Les éditions La Louve qui démontrent avec bonheur qu’en matière d’éditions, comme dans bien d’autres domaines, il est possible de vivre et de travailler en dehors de Paris, publient cette année un superbe recueil de 26 fabliaux du XIIe et du XIIIe siècle originaires de la France du Nord. L’éditeur a fait le choix de présenter ces textes dans les deux langues de l’époque, langue d’Oil et Langue d’Oc, le tout assorti d’une traduction française de bonne facture.
A propos de langue d’Oc, l’éditeur a fait de choix de publier en occitan moderne, ce qui peut-être discuté par des puristes, mais permet tout de même d’utiliser une langue très riche et qui rend compte de cet univers très particulier du moyen âge.
Langue d’Oc et d’Oil
Il y aurait beaucoup à dire par exemple sur ce superbe fabliau philosophique, « le vilain qui conquist paradis par plait », librement traduit en français par « le paysan qui conquit le Paradis en baratinant ». Dans ce conte, le vilain affronte successivement Saint Pierre, Saint Paul et Saint Thomas, ceux qui ont renié, combattu et douté du Christ avant de le reconnaître comme leur Seigneur. Vaincu par cette rhétorique, Dieu le Père finit par l’admettre en son Paradis.
Dans « la sorisete des estopes, » « la petite souris dans l’étoupe, on évoque un benêt, ignorant des plaisirs qu’une femme peut apporter. Le curé, sans doute plus au fait de la question propose, en toute sainteté, d’initier la femme à la question. Le problème est que cette dernière, encline à succomber aux assauts du clerc, l’est beaucoup moins pour ceux de son mari.
Morale misogyne
Evidemment, la morale de cette histoire est forcément misogyne. Le benêt ignorant des choses du sexe, confond « la chatte » et un panier d’étoupe dans lequel se trouve une souris. On imagine la suite.

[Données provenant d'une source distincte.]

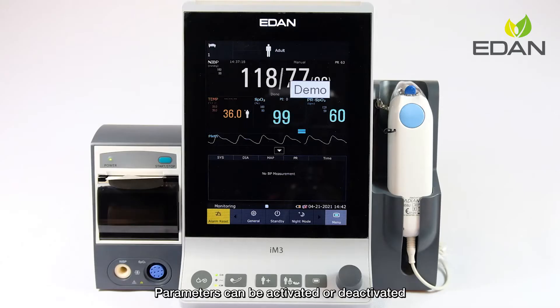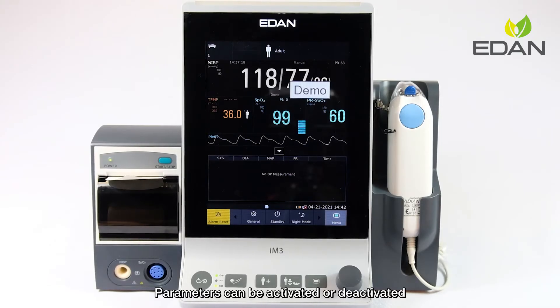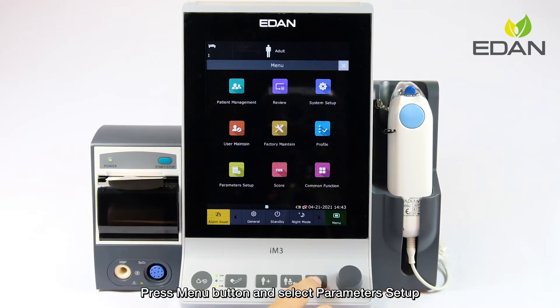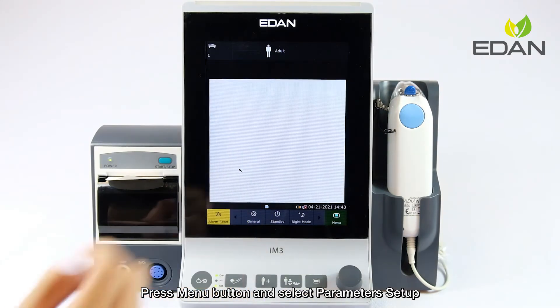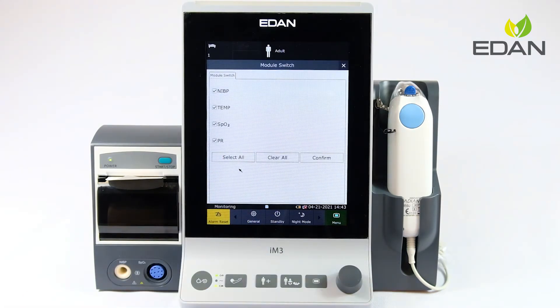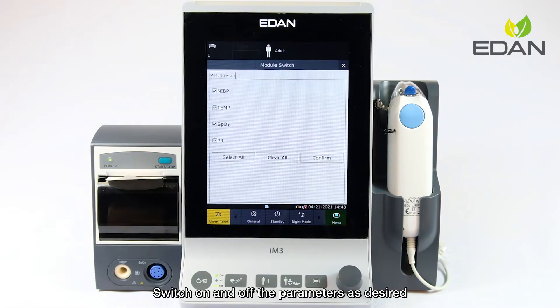Parameters can be activated or deactivated. Press the menu button and select parameters setup, then switch the parameters on or off as desired.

« La damoiselle qui ne pooit oïr parler de foutre » est un récit plutôt long qui pose le problème de l’ordre social, à partir d’une histoire salée et franchement misogyne encore une fois.
Un riche paysan avait une fille qui tombait en pâmoison lorsqu’elle entendait « parler de cul ». Impossible alors pour ce brave homme d’embaucher le moindre journalier, ces individus ayant un vocabulaire assez peu châtié, dans lequel le mot « couille » sert de virgule, et celui de « foutre » de point à la ligne.
Histoire sociale
Un jeune homme au fait de cette particularité de la damoiselle se fait embaucher par ruse et parvient à la séduire dans une succession d’allégories où le pré, les jumeaux et le poulain qui finit par s’abreuver à la fontaine s’inscrit dans cette veine allusive ou les parties honteuses sont désignées par d’autres noms que les mots crus en usage à l’époque. Ainsi le clitoris (rarement désigné à cette époque) devient le sonneur tandis que les « couilles » répondent au surnom de maréchaux.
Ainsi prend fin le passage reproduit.